Não dá para negar que a história de vida de Joe é barra pesada. Abandonado pelos pais, praticamente adotado por Mr. Mooney (Mark Blum) e, durante sua adolescência, muitas vezes tratado por ele como um animal a ser domado. Como Joe nunca teve referência parental, nem educação ou carinho, é normal que ele tome aquilo ao que foi submetido como algo direito e certo. Acredito que o ambiente influencia as pessoas, mas em nenhum momento é justificável aplicar suas frustrações em cima dos outros. E, em nenhum momento, acredito que Joe deixaria algum dos dois sair da jaula. Principalmente Benji, pois ele não tinha influência alguma sobre o psicopata. A obsessão de Joe por Benji não era proteção, mas sim conhecimento. Joe queria entender Benji ao máximo, o que supostamente havia atraído Beck para ele, e depois disso, Benji seria totalmente descartado. Com Beck, ela ainda poderia sair viva dali - mas a gaiola, no caso dela, era muito maior do que apenas aquele porão. A gaiola dela era também Joe. Os dois viveriam de pura manipulação, Beck fingindo que o amava e o compreendia, e Joe fazendo-a se sentir uma donzela em perigo só para que pudesse salvá-la. De alguma forma, ele a mataria no fim das contas. O próprio Joe nunca saiu da jaula - ele era preso em sua própria obsessão.
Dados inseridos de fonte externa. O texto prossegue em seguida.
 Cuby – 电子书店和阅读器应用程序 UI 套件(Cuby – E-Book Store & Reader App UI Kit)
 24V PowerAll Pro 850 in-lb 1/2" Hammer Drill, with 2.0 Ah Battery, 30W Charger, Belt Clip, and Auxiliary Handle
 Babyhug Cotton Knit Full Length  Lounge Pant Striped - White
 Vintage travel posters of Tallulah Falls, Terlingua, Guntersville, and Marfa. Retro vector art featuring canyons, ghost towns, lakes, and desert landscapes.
Ao final da história, Joe deveria sair impune e, finalmente, encontrar o amor? Ou ele deveria ser responsável pelos seus crimes?
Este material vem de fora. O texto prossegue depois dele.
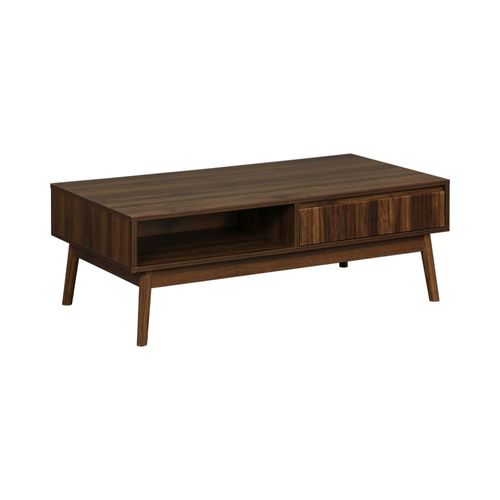Table Basse Couleur Teinté Noyer. Linear. Décor Bois Rainuré. Pieds Compas. 2 Niches. 1 Tiroir. L 110 X L 59 X H 39cm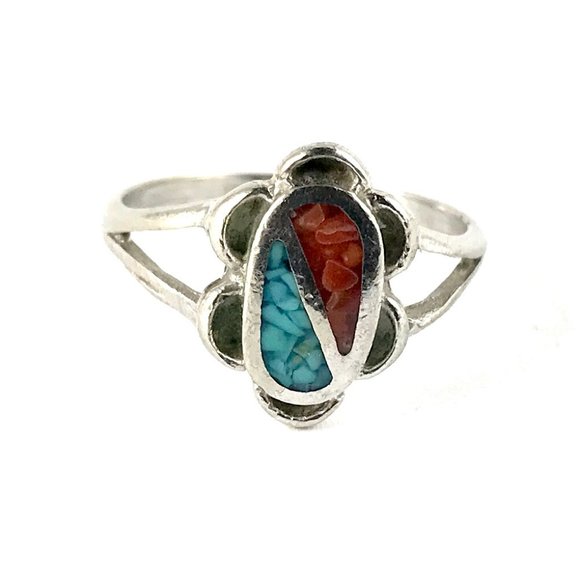 Jewelry - Sterling Silver 925 Turquoise and Coral Ring Size 6
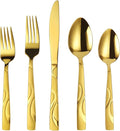40 Pieces Gold Flatware Silverware Set, Stainless Steel Fork Spoon Knife Set Service for 8, Food Grade Cutlery Set 40-Piece, Dishwasher Safe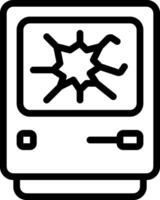 A black and white icon of a computer screen vector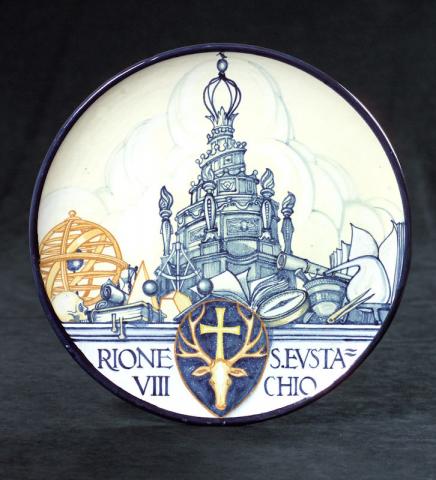 Retrosi Veduta del Rione VIII S. Eustachio Serie di piatti dei 14 Rioni storici di Roma, 1926  ceramica dipinta, Ø cm 36, h cm 4  Roma, Museo di Roma 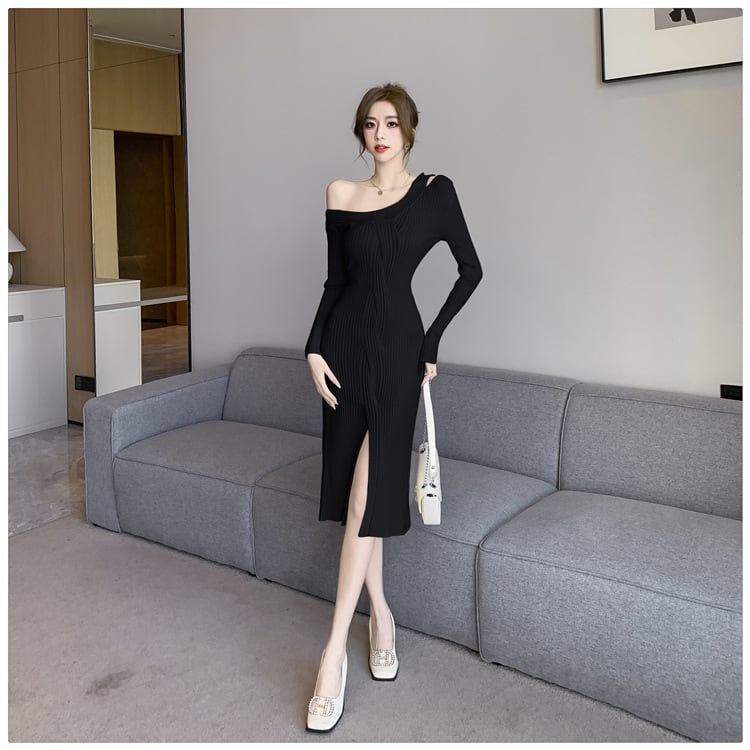 【dress】オフショルダースリットワンピース　M18403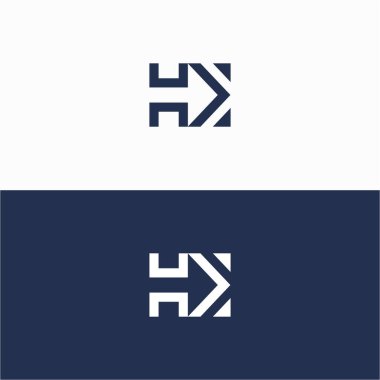 kh Arrow harfli logo, yaratıcı logo ilhamı, modern logo şablonu, element logosu, konsept logo vektörü.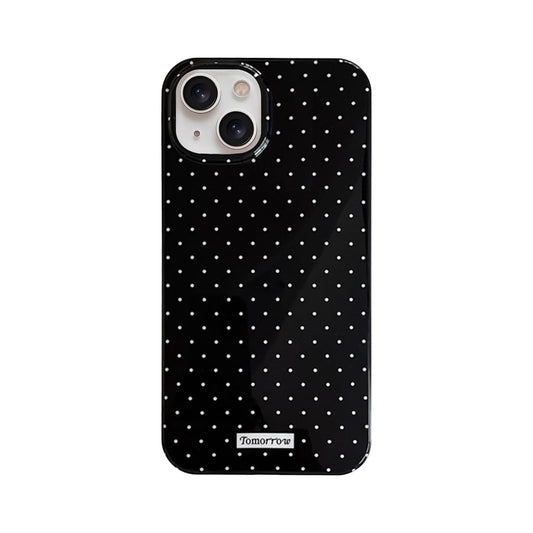Faneiy for iPhone 15 Case Cute Fashion Polka Dot Aesthetics Women Girly Stylish Protective Soft Shockproof Phone Case Black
O fim da série não me chocou tanto. Era óbvio que Beck seria morta - ou dada como morta. Discutindo com uma colega recentemente, ela disse que achava que Beck não estava realmente morta. “Não ficou claro”, explicou. Em parte, concordo. Mas vejamos na segunda temporada. Eu acredito que as pessoas pagam por tudo aquilo que fazem e, uma hora, em alguma temporada, a casa dele vai cair.

Tudo indica que uma hora as coisas vão se revelar. Muitas pontas ficaram soltas e, como eu disse acima, Joe não me pareceu a pessoa mais cuidadosa do mundo. É como se ele quisesse, de alguma forma, ser reconhecido por isso em algum momento. O que explica os souvenirs que ele guardava. (No livro e série Mindhunter, eles falam um pouco sobre o comportamento de serial killers e como eles gostam de guardar “prêmios” de suas vítimas, como lembrança.) Joe deve, sim, ser preso. É claro que seria um final interessante ele simplesmente se safar com isso, mas a mensagem da série sairia errada. Homens que fazem o que fazem com mulheres, homens como ele, precisam ser punidos. Se ele se safar, só dará um exemplo de como a impunidade sobre eles é grande - o que não é mentira. Vemos casos diários disso, mas a produção audiovisual tem como um dos objetivos educar através da arte.



O final do livro é diferente do final da série. Na temporada que está vindo por aí, os roteiristas terão de explicar a sobrevivência de Candace de forma boa o suficiente para que justifique a continuação. É importante que saibam construir as temporadas seguintes para que não se torne um replay de conteúdo mal feito como aconteceu com outras séries da Netflix, como 13 Reasons Why. Até agora pouco foi dito, mas é esperado que o final seja, claramente, com Joe Goldberg atrás das grades. Ou, até mesmo, morto.